▶ **EXERCISE PROMPT**:
Reproduce each record verbatim, images excluded.
#### LISTED RECORDS
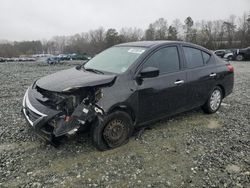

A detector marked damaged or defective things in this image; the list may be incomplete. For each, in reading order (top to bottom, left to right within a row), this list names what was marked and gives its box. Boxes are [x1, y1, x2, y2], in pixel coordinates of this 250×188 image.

front bumper damage [21, 87, 101, 143]
crushed front end [21, 82, 102, 144]
hood damage [22, 68, 115, 143]
damaged black sedan [22, 40, 234, 150]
########
▶ **OUTPUT OF THE TASK**:
A detector marked damaged or defective things in this image; the list may be incomplete. For each, in reading order (top to bottom, left to right within a row), this list names what was marked and gives its box. Boxes are [x1, y1, x2, y2], in pixel coordinates of this 250×188 image.

front bumper damage [21, 87, 101, 143]
crushed front end [21, 82, 102, 144]
hood damage [22, 68, 115, 143]
damaged black sedan [22, 40, 234, 150]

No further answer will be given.